I shrugged. “I’m not sure,” I said finally. I didn’t want to tell him flat-out that I thought he was just the same as the smoked-out guy I’d known five years ago. But I also didn’t see much to suggest otherwise.

From the hurt expression that came across Trethan’s face, you would have thought I had stabbed him in the heart. He turned away from me, nodding grimly. Without another word, he got back to work. I wanted to say something else, to take it back, but I didn’t know what to say. Instead, I went to find Dad, although some of the excitement from that morning had worn off.

Chapter Eleven

Trethan

I spent most of that day thinking about what Vanessa had said, that she wasn’t sure she believed people could change. I tried to come up with examples that would prove her wrong, but I couldn’t even come up with a list of many people who’d tried to change, let alone people who had tried to change and were successful at it.
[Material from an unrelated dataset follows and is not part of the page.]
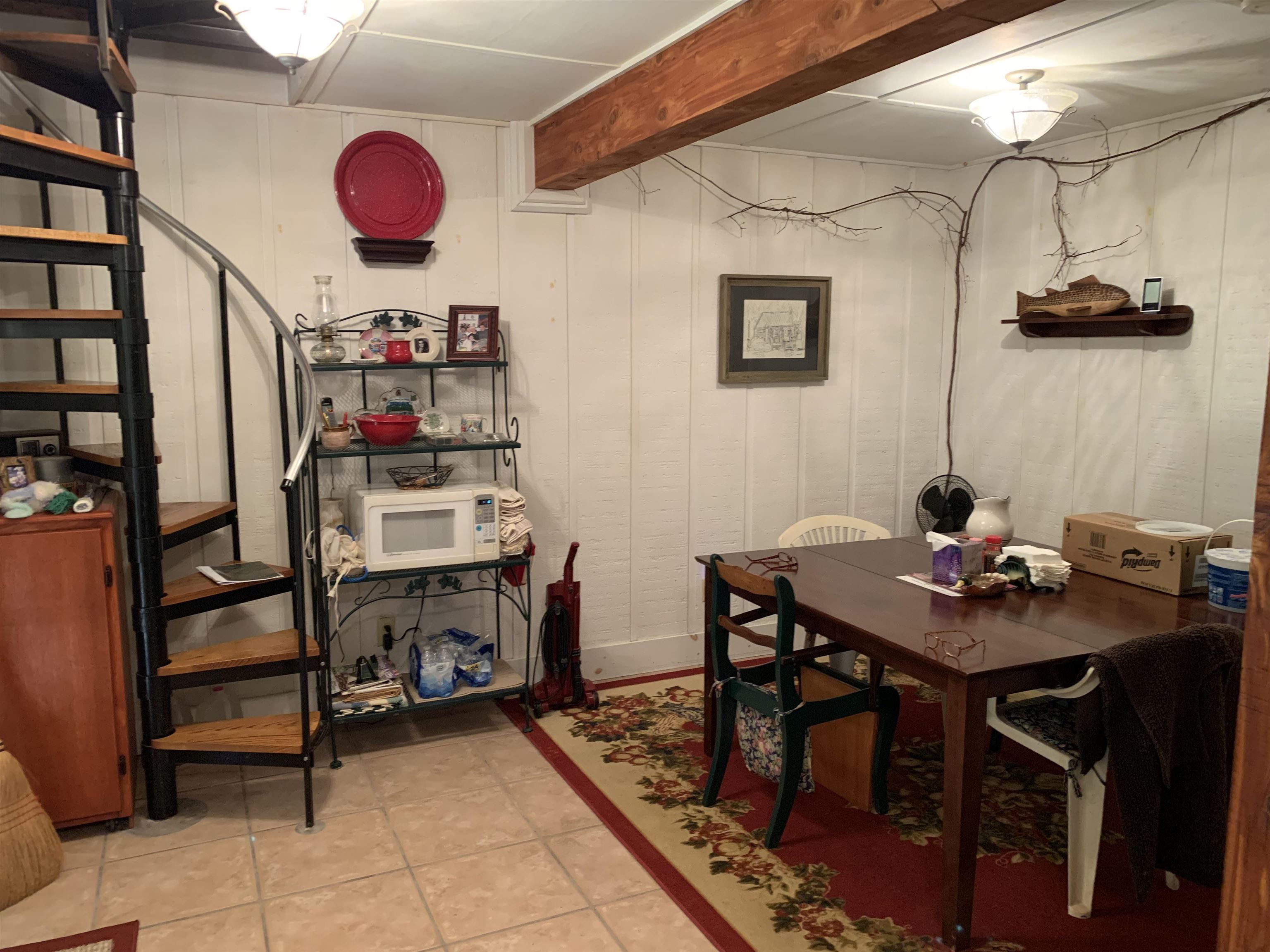 13334 Tower Hill Road Williamsville, VA 24487 - Photo 6 of 9 a view of a workspace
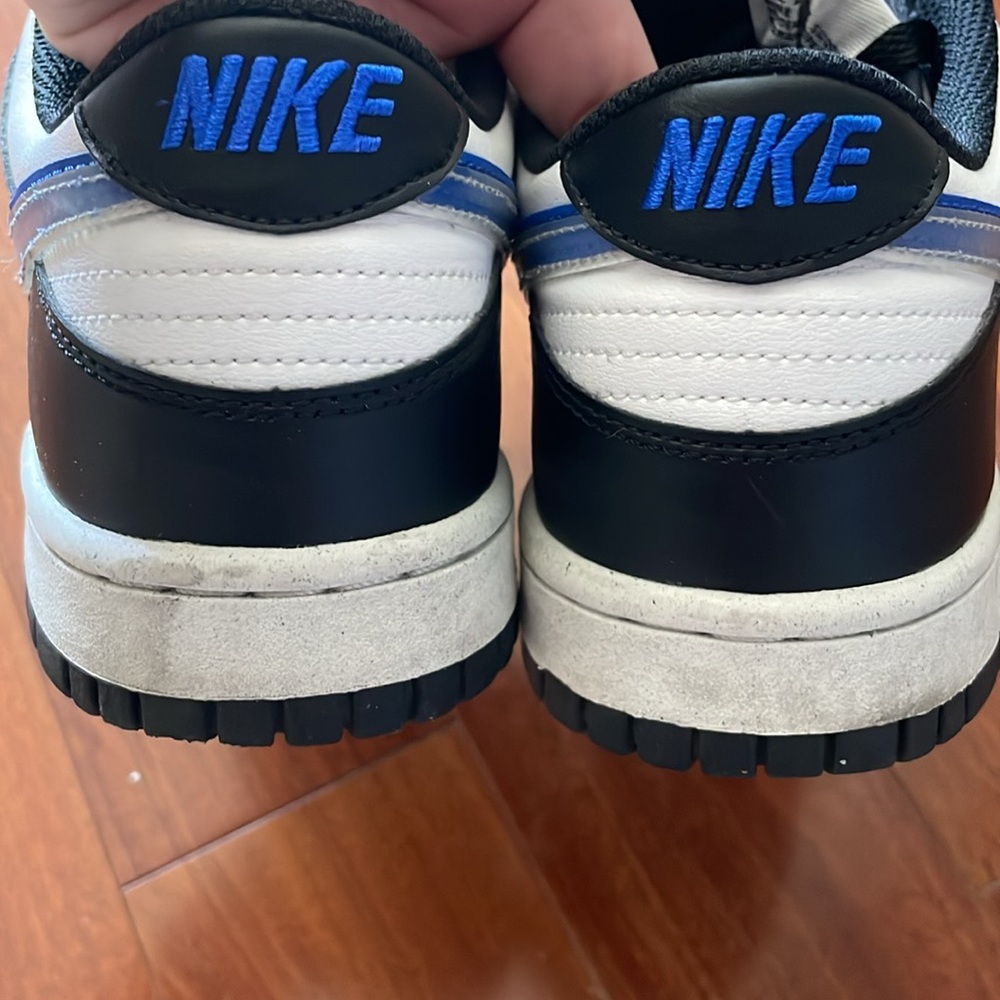 🚨SALE// Nike Dunk Low GS - Picture 9 of 11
The more I thought about it, the more I wondered if I had changed. People always said that when you grew up, you’d come to resemble your parents. Maybe I’d been kidding myself and everyone around me when I’d thought that quitting drugs would somehow make me a different, better person.

Someone pounded on the door, drawing m

e from my thoughts and the pot of water boiling on the stovetop. I went to answer it.

It was Brent again, but this time, he looked beaten up rather than just nervous. He pushed past me and into my apartment before I could say anything.

“Hey, man, let me hang out here for a while,” he said, belatedly tacking a “please” onto the end of the sentence.

I stared at him for a moment, and then shut the door. I moved toward him. Blood ran down the side of his face. He tried keeping the wound turned away from me, but he couldn’t hide it. I reached out to touch the blood next to his eye, trying to figure out the source of it. He flinched away.

“Hey, come on, man!” he said indignantly. “This shit hurts enough without you sticking your fingers in it.”